Alors que la capacité de croyance investie par les premiers spectateurs de cinéma semble être aujourd’hui perdue, le documentaire apparait comme un moyen de douter du monde à nouveau. Le cinéaste Jean-Louis Comolli opère ainsi un passage de la fiction au film documentaire « pour continuer à y croire ». « L’important n’est pas de croire que ce que l’on voit est vrai, mais de commencer à penser que ce n’est peut-être pas vrai », explique le cinéaste dont l’objectif est de « faire découvrir au spectateur des choses qu’il ne soupçonnait pas ». Le cinéma documentaire implique aussi une réflexion sur les rapports complexes existant entre corps et caméra. « Le film documentaire consiste à filmer la façon dont un corps se place par rapport à la machine : […] quand le corps filmé est amateur, il s’opère un processus de séduction envers l’objet filmant, ce à l’insu de la machine ; […] notre narcissisme est tel que nous ne pouvons pas admettre l’idée de nous montrer à quelque chose qui nous est indifférent, c’est pourquoi nous inventons une relation à la caméra. »

Le mercredi 31 mai 2012, la classe d’Option Cinéma-Audiovisuel en CPGE Littéraire au lycée Chateaubriand a eu la chance de recevoir Jean-Louis Comolli pour un cours de cinéma sur le thème du cadre, basé sur l’analyse de trois films de Pedro Costa: « Ossos » (1997), « Dans la chambre de Vanda » (2000) et « En avant jeunesse! » (2006). Plus encore que de nous exposer sa vision du cinéma avec pédagogie et passion, l’expérience proposée pendant ces cinq heures restera pour nous, élèves en Option Cinéma-Audiovisuel, un moment inoubliable de réflexion sur le cinéma. Dans la volonté mutuelle de prolonger ce moment d’échange, nous avons créé ce blog qui se veut porteur d’un regard différent sur « ces films à part qu’on nomme « documentaires » ». Il sera principalement constitué de critiques rédigées par les élèves de l’option avec l’appui et les interventions fréquentes de M. Comolli.

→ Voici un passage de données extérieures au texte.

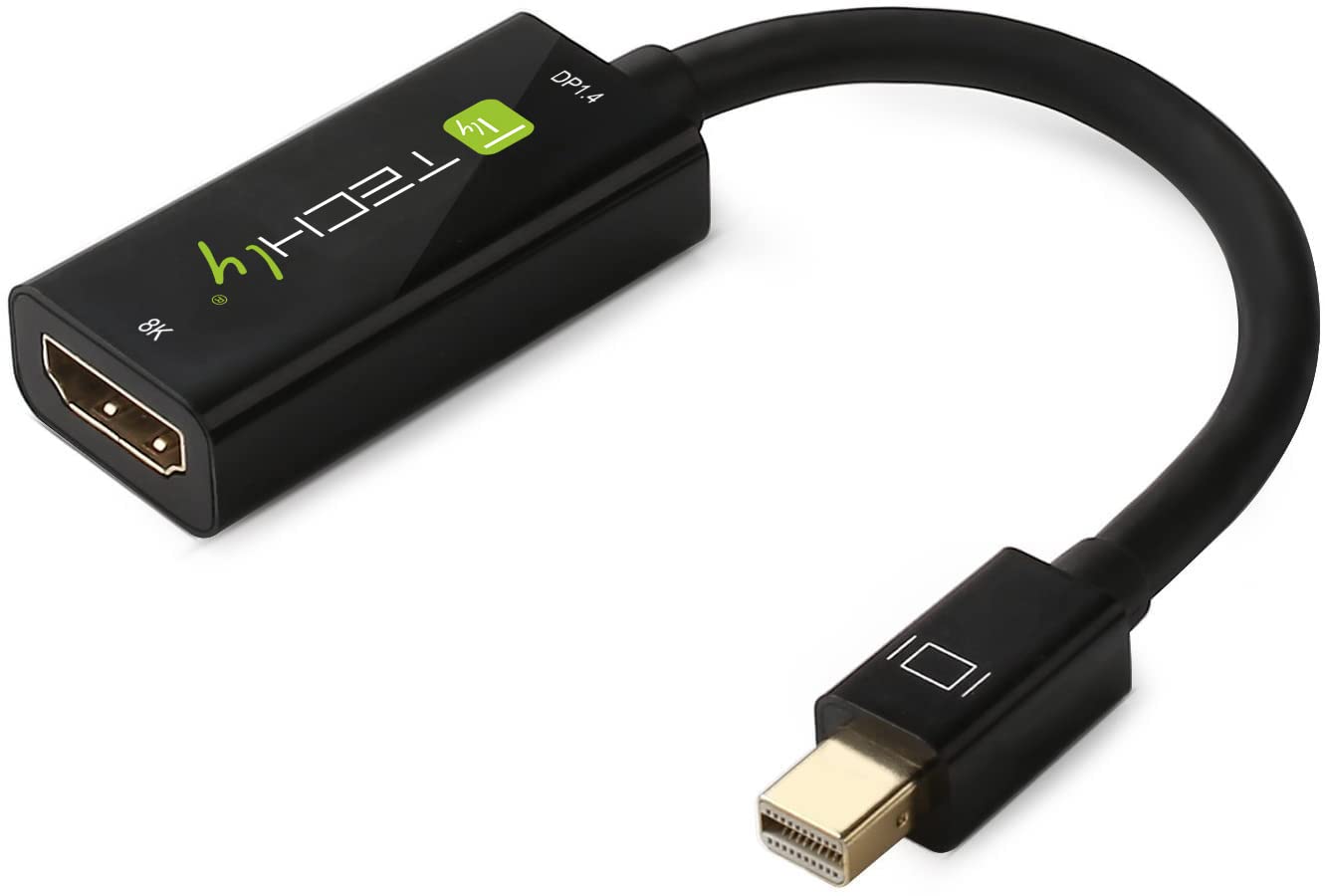 Techly 364170 Adapter Mini DisplayPort (Thunderbolt) 1.4/HDMI 8K aktywny czarny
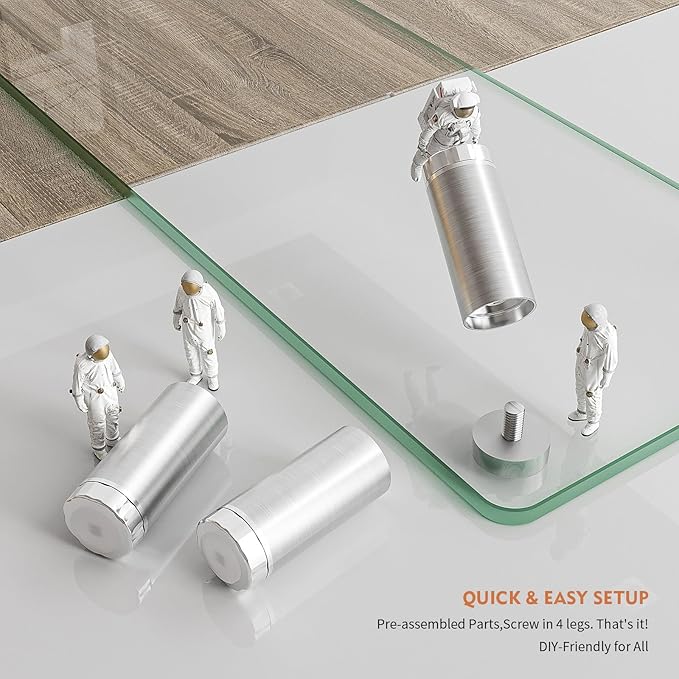 Hemudu Clear Computer Monitor Riser with Height Adjustable Multi Media Desktop Stand for Flat Screen LCD LED TV, Laptop/Notebook/Xbox One,HD01T-001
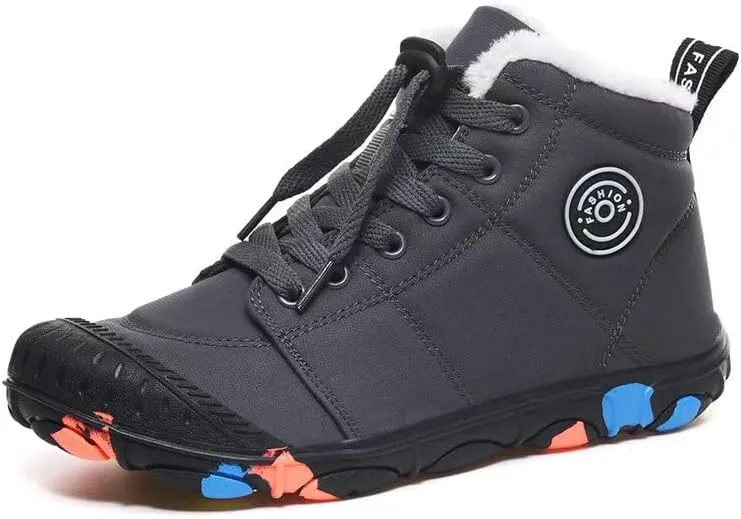 Boys Girls Anti Slip Trekking Shoes for Winter Walking Sport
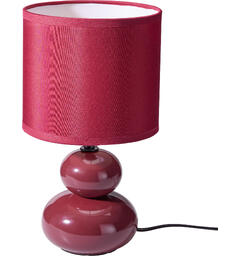 Lampe keramikk burg m/skjerm h:29,5cm Forpk 6stk Lyspære E14 Max 40W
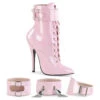 DOMINA-1023 Ankle Boot | Pink Patent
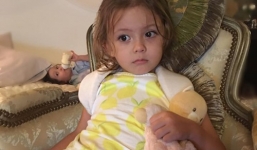 Con gái Hồng Nhung bị ngã gãy xương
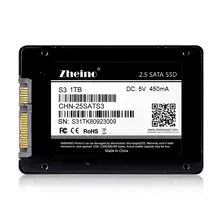 Zheino SSD 1 ТБ 2,5 дюймов 6 ГБ/сек. SATA3 Внутренний твердотельный накопитель SATAIII SSD для настольных ПК и ноутбуков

Réalisateur, scénariste et écrivain français, Jean-Louis Comolli est né le 30 juillet 1941 à Philippeville (Algérie). Après avoir travaillé pour Les Cahiers du cinéma de 1962 à 1978, dont il sera le rédacteur en chef de 1966 à 1971, il devient réalisateur de fictions et de documentaires. Lors des manifestations de mai 1968, le cinéaste participe aux « états généraux du cinéma » dans l’objectif de refondre les organes de commandes du monde du cinéma et filme les élections présidentielles de 1969. Aujourd’hui réalisateur de « documentaires » (bien qu’il conteste quelque peu cette appellation), il est également rédacteur de la revue Images Documentaires et auteur de nombreux ouvrages théoriques et critiques tels que Corps et cadre (2012, Verdier).

Elèves en Classe Préparatoire aux Grandes Ecoles au lycée Chateaubriand de Rennes, les rédacteurs de ce blog étudient le Cinéma depuis deux ans avec leur professeure Mme Yola Le Caïnec. Ils ont ainsi pu découvrir et analyser films classiques et contemporains, se constituer peu à peu une solide culture cinématographique, et méditer les grands courants de pensée du cinéma. Ces deux années ont également été l’occasion de s’immiscer dans la dimension pratique du cinéma à travers le tournage d’un film intitulé  « Ifs », co-réalisé par Camille Loteau et Nicolas Malgonne et soutenu par la région Bretagne dans le cadre de l’appel à projet « Filmer le village breton ». La plupart d’entre eux se destinent à une carrière dans l’univers cinématographique, que ce soit la création, la critique, l’enseignement ou les médiations culturelles. Ce blog a donc aussi pour fonction de maintenir un lien entre ces élèves qui ont partagé pendant deux ans la même passion dans cette découverte collective du cinéma, et de les appuyer dans leurs réflexions et entreprises.